3.1. Physical modeling of the process of HO displacement from the reservoir by n-hexane

At modeling the HO recovery processes from the reservoir using solvents, the experiment results were represented in the form of diagrams of plots of Cumulative oil recovery and oil percentage in the recovered HO + solvent mixture vs. time. The experiments were carried out under the 10% oil saturation of the sand (Figure 2).

Figure 2.

Cumulative oil recovery and oil content in the recovered HO + solvent mixture at carrying out the displacement experiments by hexane.

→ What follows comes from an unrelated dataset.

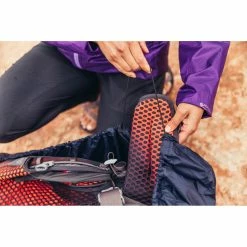 Gregory Raincover 50-80L -Climbing Accessories Outlet Shop GMP S22 Raincover Feat 0101 rsz 97485.1655422322
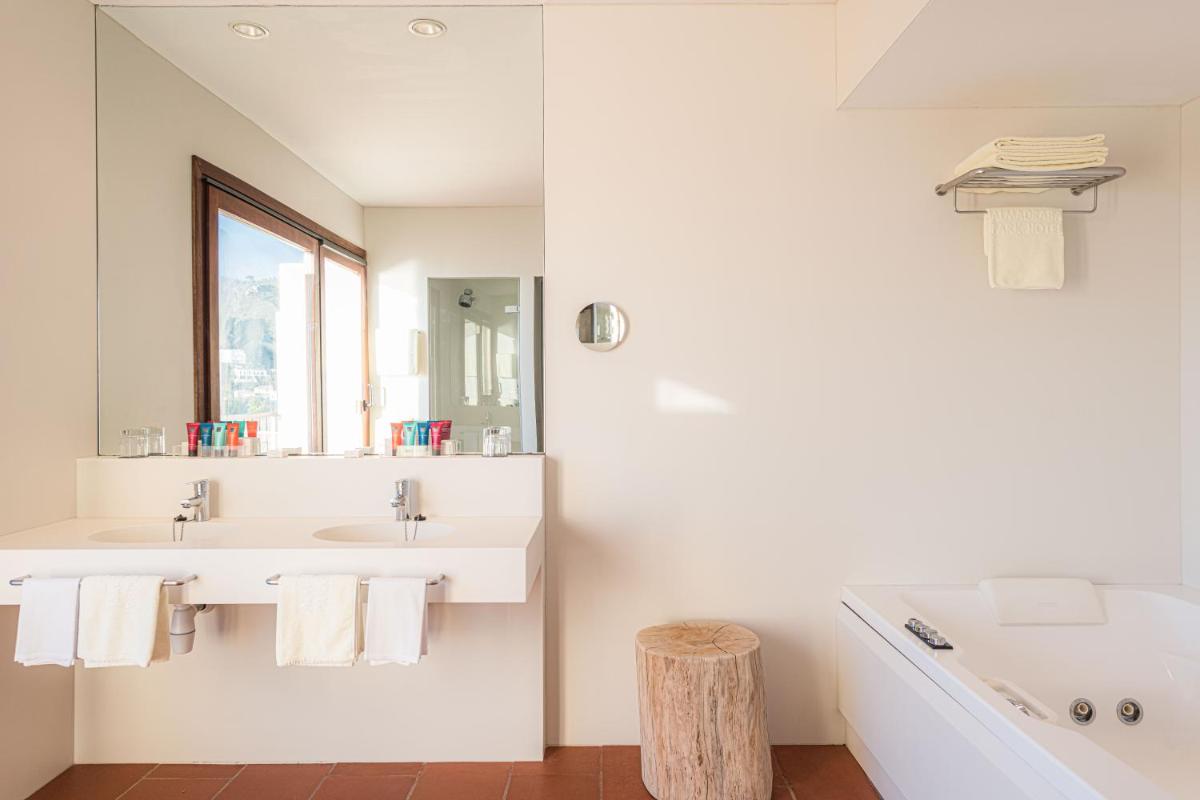 Un baño de Almadraba Park Hotel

The results of experiments indicate the following supposed mechanism of the oil recovery by solvent based on n-hexane. At the first step, increased oil yield was noted from the model with a maximum rate which stabilizes over some time. The stabilization of the oil yield from the model occurs at the transition of the displacement mode from the dispersion (affected by gravity force) to diffusion (in a peripheral area). Regarding the content of asphaltenes in the residual oil, for all 9 samples from various model sectors higher values are indicated compared to the starting bitumen (Figure 3, Table 1).

Figure 3.

Scheme of an experimental setup of modeling the physical and chemical effect of solvents on the oil-saturated reservoir and the asphaltene amount (wt%) in the residual oil by cell sectors.

It was found that the highest asphaltene concentration in the residual oil is detected in upper sectors where the starting step of the oil displacement occurs and where the oil contacts the pure solvent (Figure 3). Hexane alters the solubility of asphaltenes in oil because light saturated hydrocarbons affect the interaction of asphaltenes and resins destabilizing the asphaltenes [28, 29]. Introduction of aromatic compounds in the system may positively affect the stability of asphaltenes in the system [20, 2326] because the asphaltenes have a polyaromatic structure.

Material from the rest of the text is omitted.